Applying this meaning it is not necessary that the tenant in occupation must come in as tenant by privity of interests in the tenancy with the prior tenant who put up the structure that the latter may be deemed to be a predecessor-in-interest.
15. Language almost identical with the language of Section 3 is found in Section 5 of the Malabar Compensation for Tenants Improvements Act (Madras Act I of 1900). The relevant part of that section reads thus:
Every tenant shall on ejectment be entitled to compensation for improvements which have been made by him, his predecessor-in-interest or by any person not in occupation at the time of the ejectment who derived title from either of them and for which compensation has not already been paid.
16. In Thurpan v.
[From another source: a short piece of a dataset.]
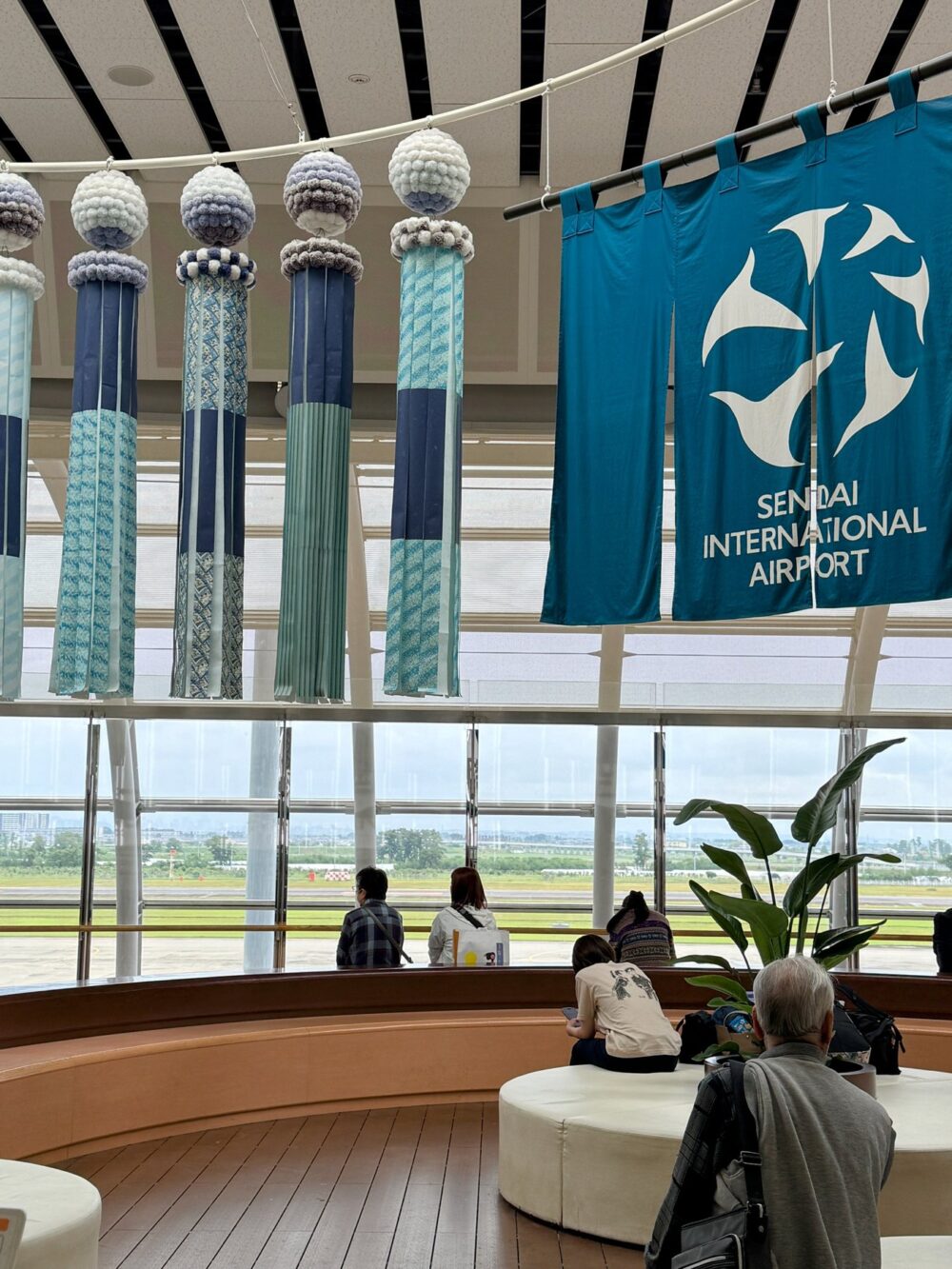仙台空港2階の出発ロビー。仙台らしい七夕飾りとSENDAI INTERNATIONAL AIRPORTの暖簾、窓の外には滑走路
Mamad Kasim Salt 17 I.C. 433 with reference to the said Section 5 of the Malabar Compensation for Tenants Improvements Act it is observed by a Division Bench of this Court:
It is quite sufficient that the improvements are on the land even if they were made by some previous occupant and it was not the case of either party that anybody except the second defendant was in occupation at the time of the suit.
17. In Kunhunni Nair v. Raman Menon (1929) 54 M.L.J. 179 another Division Bench decision while considering the meaning of the expression 'Predecessor-in-interest' in the said Section 5, the following observations of Mr. Justice Sundara Ayyar in his Malabar Law were accepted:
The words cannot be said to adequately describe the class of persons for whose improvements the tenant in possession is entitled to claim compensation. Unless the word ' Predecessor-in-interest' is understood in a somewhat loose way, the section may not include many cases which must obviously have been intended to come within it. To cover obvious cases it may be necessary to understand the word 'Predecessor-in-interest' as the derivation of the word suggests as meaning 'one that went before him in interest' , some 'tenant' as understood by the Act who preceded him in occupation either immediately or immediately through others without the continuity being broken up by the intervention of the plaintiff.
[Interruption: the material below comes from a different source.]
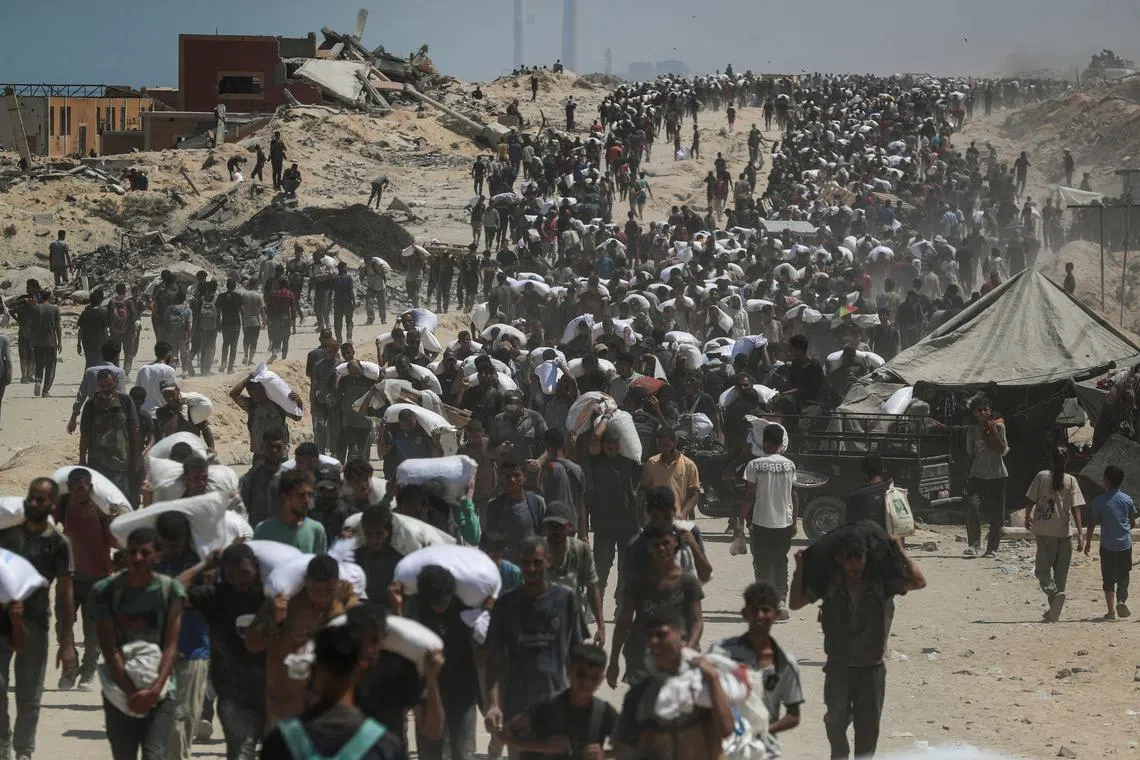 FILE PHOTO: Palestinians carry aid supplies that entered Gaza through Israel, in Beit Lahia, northern Gaza Strip, July 27, 2025. REUTERS/Mahmoud Issa/File Photo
18. In my view, the same wide meaning should be given to the word 'Predecessor in-interest' in Section 3 of the Act. The fact that it is not found in this case that the respondent is not an assignee of the tenancy from Thulukanathammal is therefore immaterial. Both the definition of tenant as well as the scope of Section 3 are wide in their terms and would clearly take in a person like the respondent who has been found to be the owner of the superstructure, and a tenant of the land prior to the 10th of September, 1955. If that much is found, it follows that he will be entitled to apply for sale of the land under Section 9 of the Act.
19. I see no reason to differ from the determination of the lower Court that the respondent is entitled to the benefits of the Madras City Tenants Protection Act and that he is entitled to relief under Section 9 of the Act. The order remanding the matter to the Court of first instance for appropriate further steps under the Madras City Tenants Protection Act has therefore to stand. The revision fails and is (dismissed and in the circumstances there will be no order as to costs.